[[ Study material open ]]

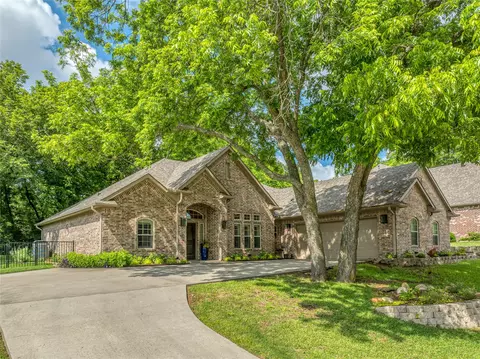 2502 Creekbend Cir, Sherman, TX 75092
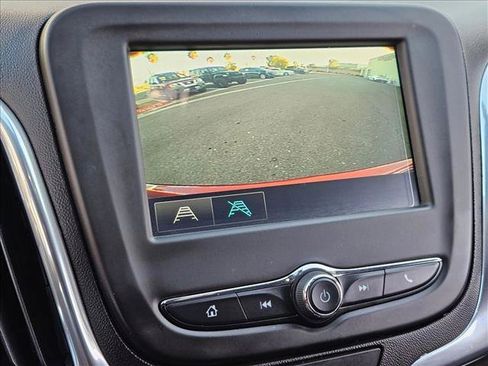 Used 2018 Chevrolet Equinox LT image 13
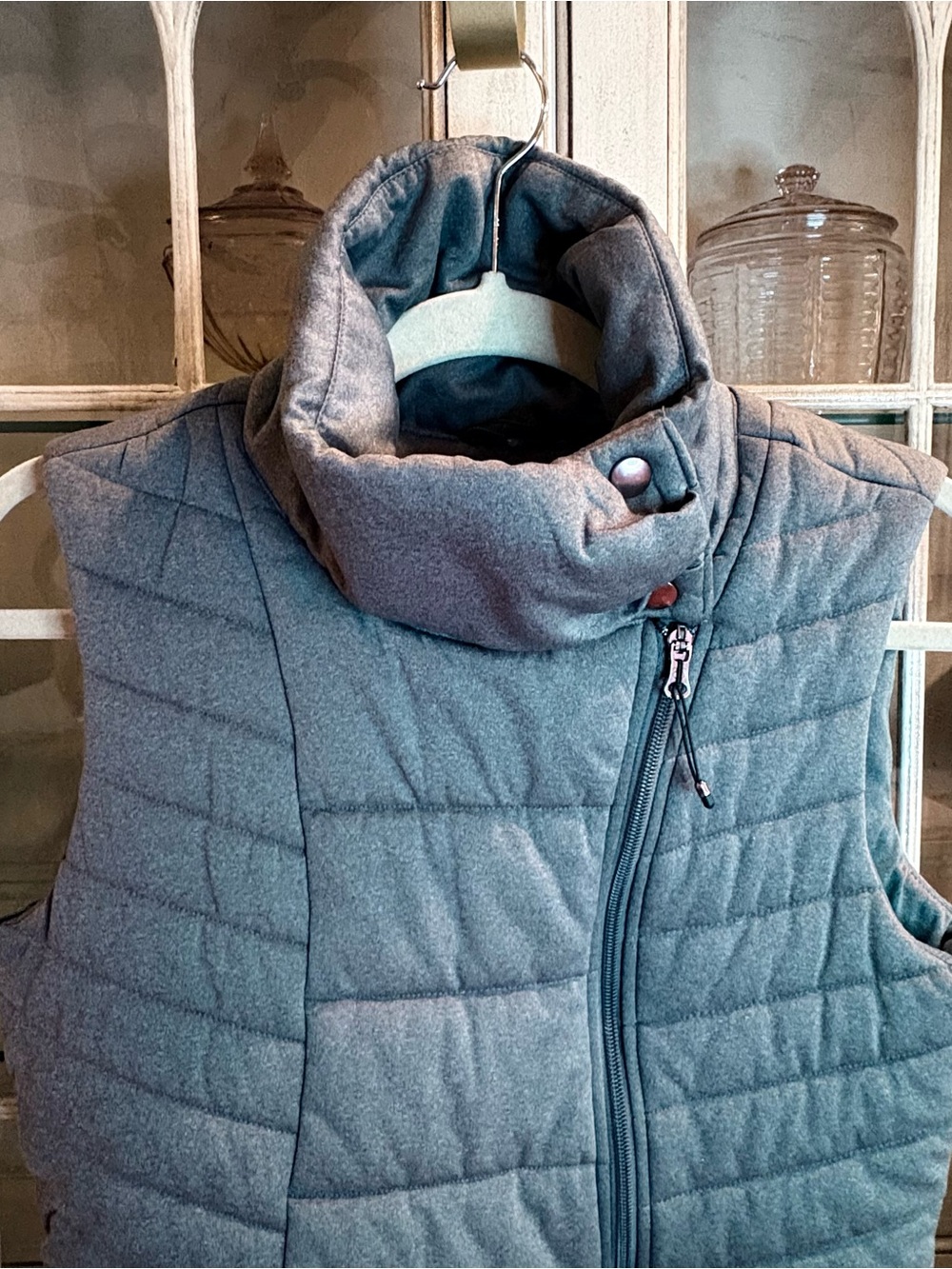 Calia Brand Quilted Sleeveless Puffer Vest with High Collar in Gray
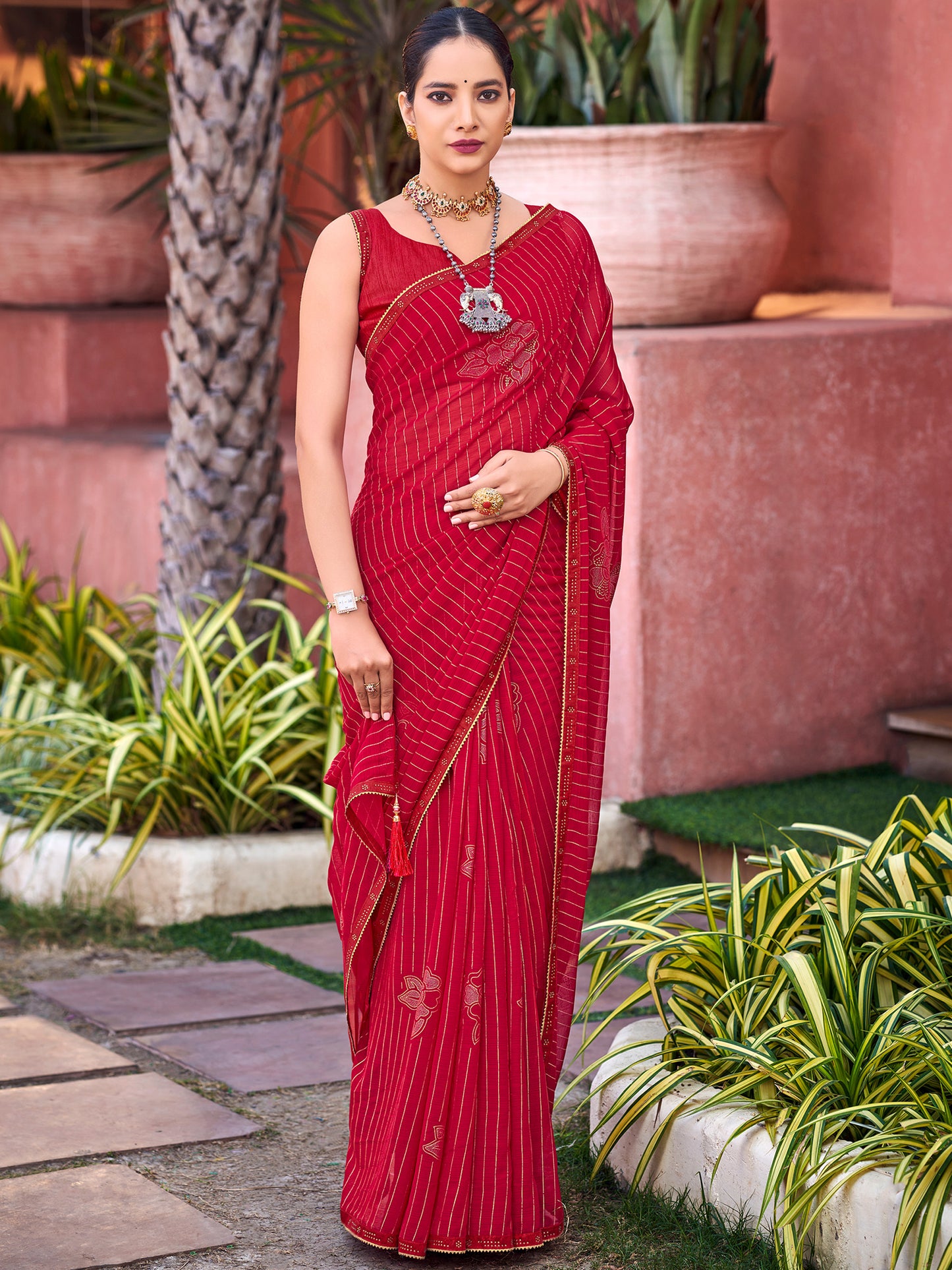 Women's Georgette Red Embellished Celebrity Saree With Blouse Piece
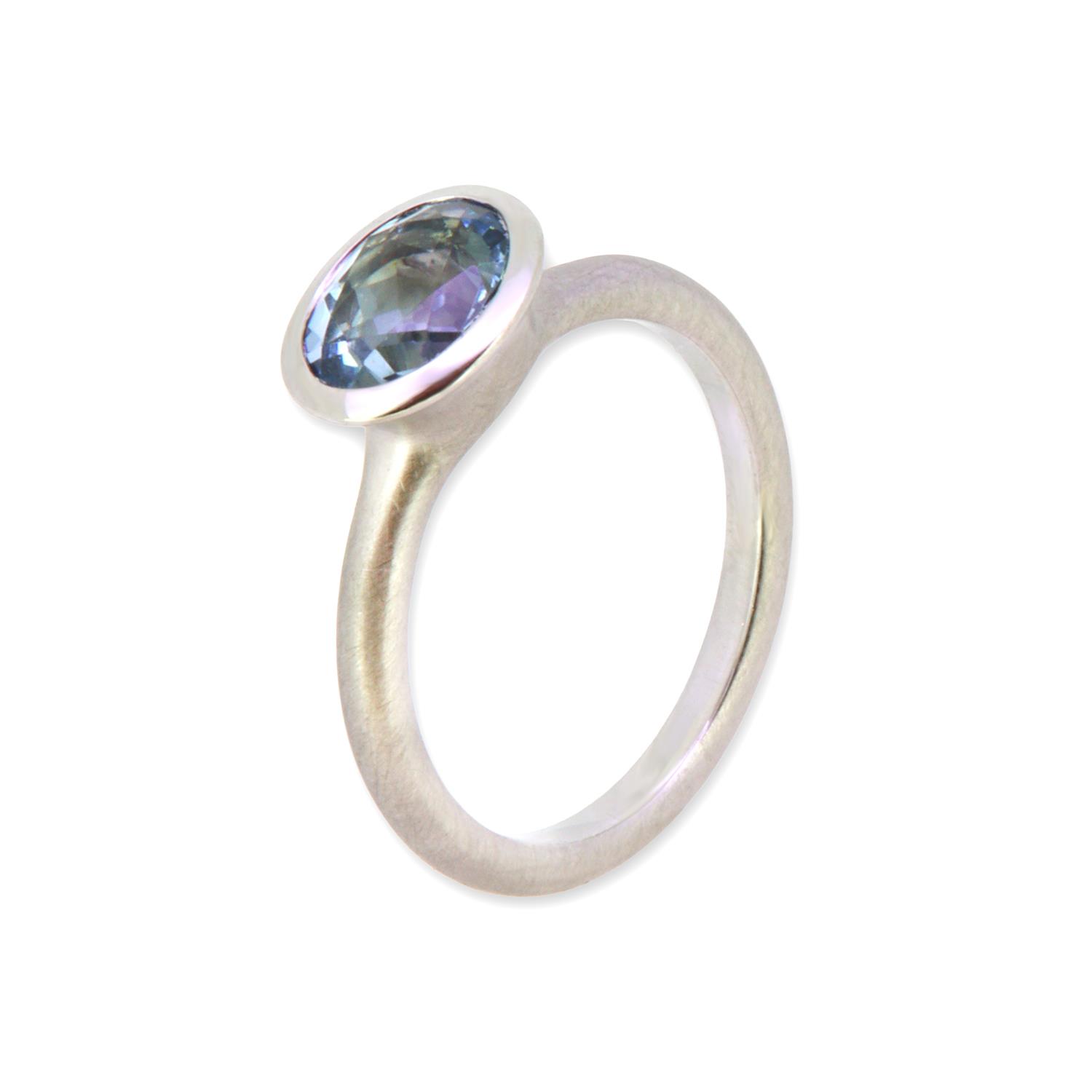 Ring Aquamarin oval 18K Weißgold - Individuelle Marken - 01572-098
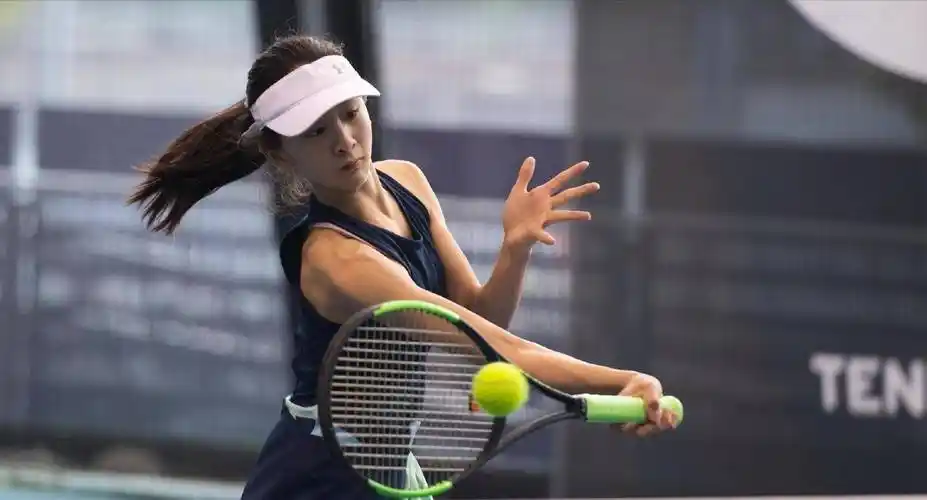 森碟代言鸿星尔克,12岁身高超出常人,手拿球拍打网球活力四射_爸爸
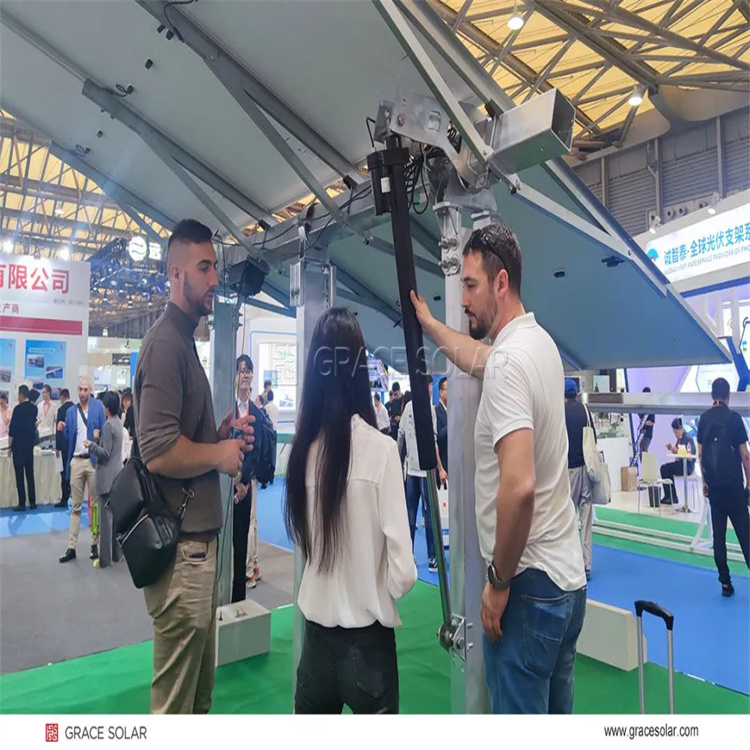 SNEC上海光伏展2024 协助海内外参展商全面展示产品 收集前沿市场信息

[[ Study material closed ]]

- _Exercise aim_
Go through the material above and print all of it exactly, except the pictures.

- _Finished exercise_
 2502 Creekbend Cir, Sherman, TX 75092
 Used 2018 Chevrolet Equinox LT image 13
 Calia Brand Quilted Sleeveless Puffer Vest with High Collar in Gray
 Women's Georgette Red Embellished Celebrity Saree With Blouse Piece
 Ring Aquamarin oval 18K Weißgold - Individuelle Marken - 01572-098
 森碟代言鸿星尔克,12岁身高超出常人,手拿球拍打网球活力四射_爸爸
 SNEC上海光伏展2024 协助海内外参展商全面展示产品 收集前沿市场信息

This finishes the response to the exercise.